It was the physicality of the encounter that truly rankled. What if Sir Mark had broken that mic? I can see the global headlines now: ‘Chief British Police Officer Smashes Journalist’s Equipment.’ There was a palpable authoritarian undertone to Sir Mark’s gruff behaviour. It felt like more than exasperation – it felt like intolerance. Intolerance for the freedom of the press to ask questions that make officials feel uncomfortable.


In this case, it seems to have been the reporter’s query about ‘two-tier policing’ that pushed the Met boss over the edge. I’ve noticed an extreme defensiveness on this question. Keir Starmer, too, bristled at the suggestion that cops are treating the current rioting mobs more harshly than they did other recent acts of brutish disorder. It’s a ‘non-issue’, he said. Leftists online are as one with Sir Mark and Sir Keir, furiously denouncing all talk of two-tier policing as a ‘conspiracy theory’.


Is it possible they protest too much? To many it seems at least plausible to ask whether the current riots are being policed and condemned more ferociously than the Harehills riot in Leeds last month was. And didn’t Sir Keir take the knee in the fashion of Black Lives Matter in August 2020 when the BLM protests were at their height? Some on the left described the England riots of 2011, with all their arson and looting and death, as an uprising against austerity. Yet now street violence horrifies them. It all has at least the whiff of a double standard, no?

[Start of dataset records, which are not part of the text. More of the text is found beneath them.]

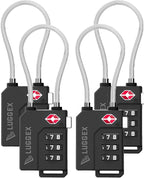 LUGGEX TSA Locks for Luggage, Suitcase Locks TSA Approved, Luggage Locks, Ease of Use & Durable(Silver Cable,4 Pack)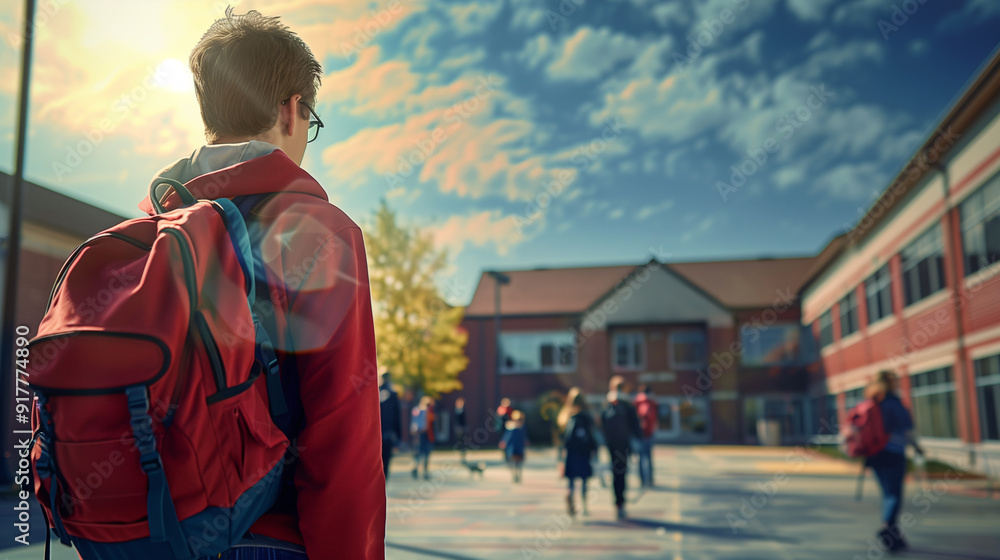 Student walking in schoolyard wearing red backpack with other students in the background Student walking in schoolyard wearing red backpack with other students in the background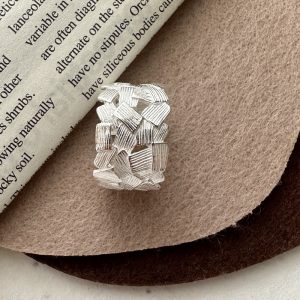 Wholesale 925 Sterling Silver Matte Irregular Ring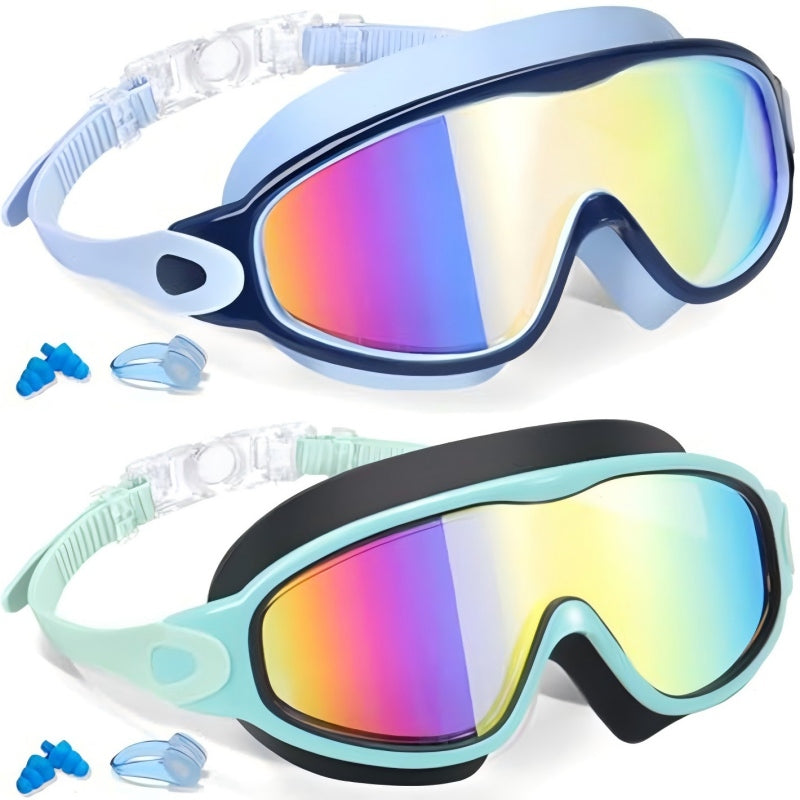 Lunettes de natation anti-buée avec bouchons d’oreilles et pince-nez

Regardless, the point is that reporters must have the right to ask such questions, even if they irritate the top dog of the armed wing of the state. In recent years, both the political class and the police have too often been disdainful of press freedom. Yet without that freedom, we’re screwed. Reporters holding officialdom’s feet to the fire is what keeps a nation free and informed. Sir Mark must apologise to Sky News and make it clear that none of his officers should ever meddle with the property or the liberty of a journalist.